The Buddhist Funeral

Since its founding 2,500 years ago in India, Buddhism has become one of the world’s largest religions, spreading across vast geographical areas and branching into numerous sects bound together by common beliefs but characterized by individual traditions and practices.

Reincarnation plays an important role in Buddhist funeral traditions. Buddhists see death as a transition from this life to the next, bringing the soul closer to nirvana, a state of absolute bliss. Death is also an occasion of major religious significance for survivors, serving as a reminder of the Buddha’s teaching on impermanence as well as providing an opportunity to assist the deceased as they travel on to their new existence.

The Ceremony

The Buddhist funeral is simple, solemn and dignified and usually takes place within a week after death. Many take place in a funeral home, not a temple. The body is viewed for only one night, generally the evening before the funeral. At the funeral home, a table will be set up with candles and incense which burn until the body is moved to the cemetery or crematorium.

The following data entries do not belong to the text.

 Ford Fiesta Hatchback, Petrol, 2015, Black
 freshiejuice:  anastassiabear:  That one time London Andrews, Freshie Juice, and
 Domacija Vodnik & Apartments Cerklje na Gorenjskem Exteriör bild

The family sits at the front of the room in which the casket is placed. Visitors greet the family, offer their condolences, then go to the casket and bow. They may then either stay for a while or leave, according to personal preference. Visitors will often make a financial donation to the family.

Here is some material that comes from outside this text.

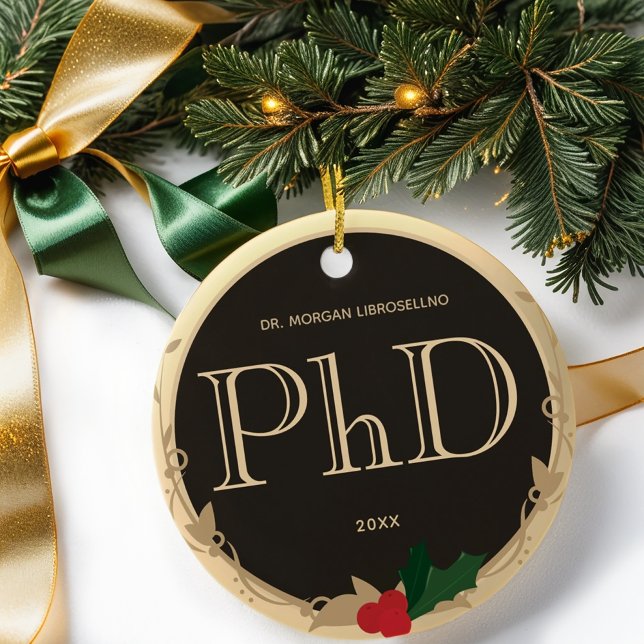 Holly Berry Guld Brown PhD Studenten Namn Julgransprydnad Keramik (Gift this PhD graduation ornament. Simply customize the name & year and add it to your cart.)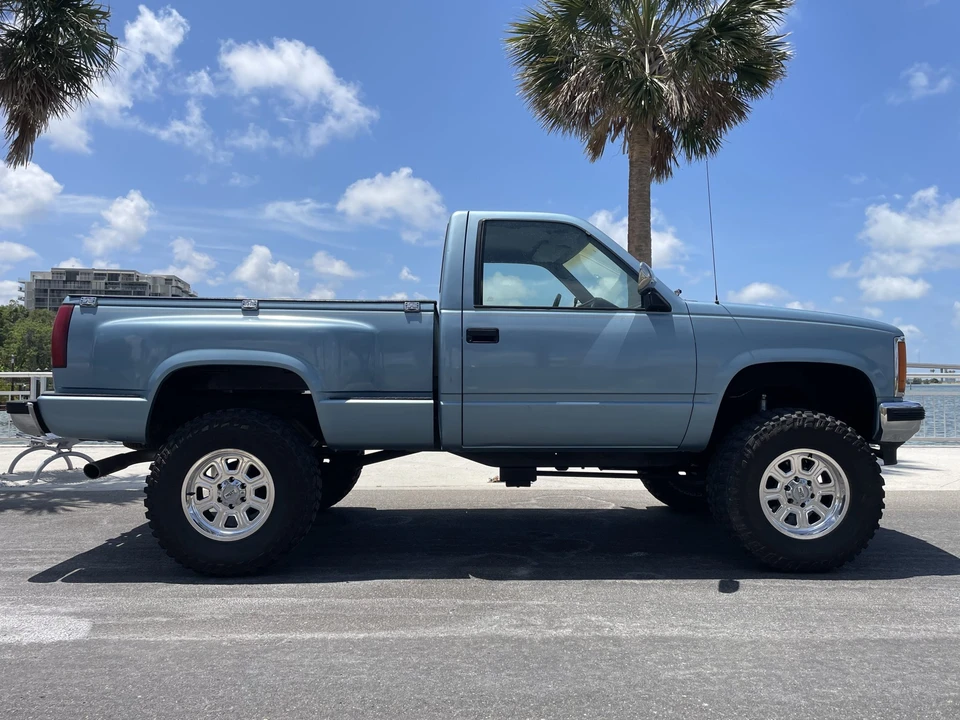 1989 GMC Sierra 1st Gen - Image 8 of 31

The funeral service, typically held the following day, is conducted by a monk. There is almost always an open casket. Guests are expected to bow slightly toward the body as a sign of appreciation for its lessons regarding impermanence.

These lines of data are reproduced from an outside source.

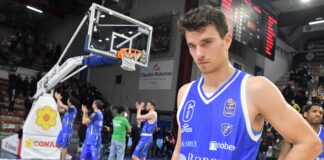 Dinamo ko in casa con Tortona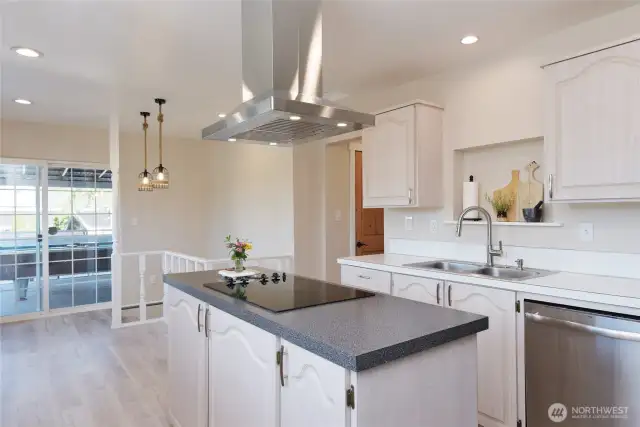 Great light and counter space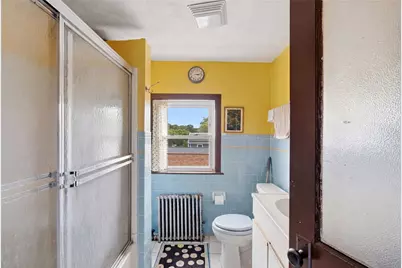 53 Netherlands Avenue, Cranston, RI 02905 - Photo 15
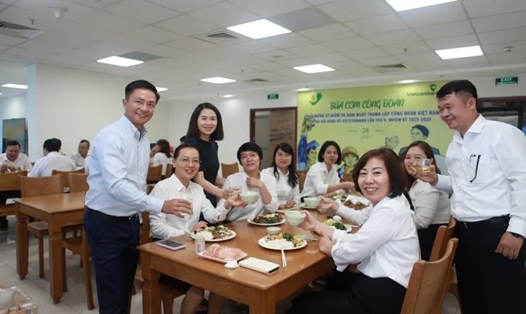 Ban chấp hành Công đoàn Vietcombank Sở giao dịch hỏi thăm cán bộ, đoàn viên tại Bữa cơm Công đoàn. Ảnh: Thu Thủy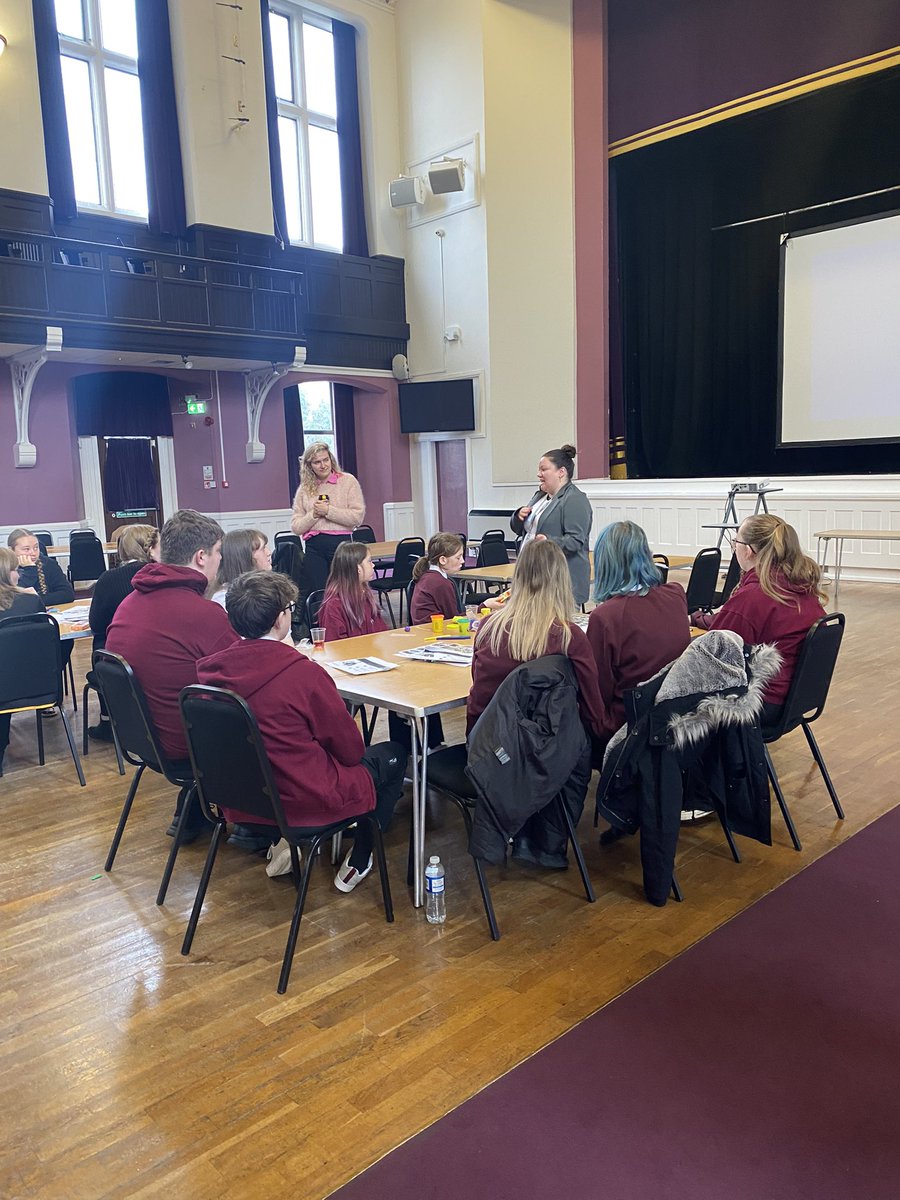 Miss Mitchell tweet media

After the ceremonies are completed, the casket is taken to a burial ground, usually on a hillside for better feng shui. When the casket is buried, the family turns away from the casket to show respect.

Depending on their beliefs and preferences, Buddhists may also choose cremation. In some groups it is traditional for the family to witness the cremation.

Etiquette

Guests are not expected to participate in the ceremony, but rather to quietly observe the rituals, standing or sitting as directed. Men and women sit together. No headgear is required, and shoes must only be removed if the ceremony is held in a temple. While white is the color of grieving for the family, friends often wear black.

Friends may call at the home of the deceased’s family after the funeral, but not before. In the Buddhist tradition, flowers or donations may be sent to the family, but gifts of food are considered inappropriate. Guests may also make a donation to a designated charity in the name of the deceased.

For a temple ceremony, men should wear a tie and women a dress or skirt and blouse, clothing suitable for sitting on the floor during meditation.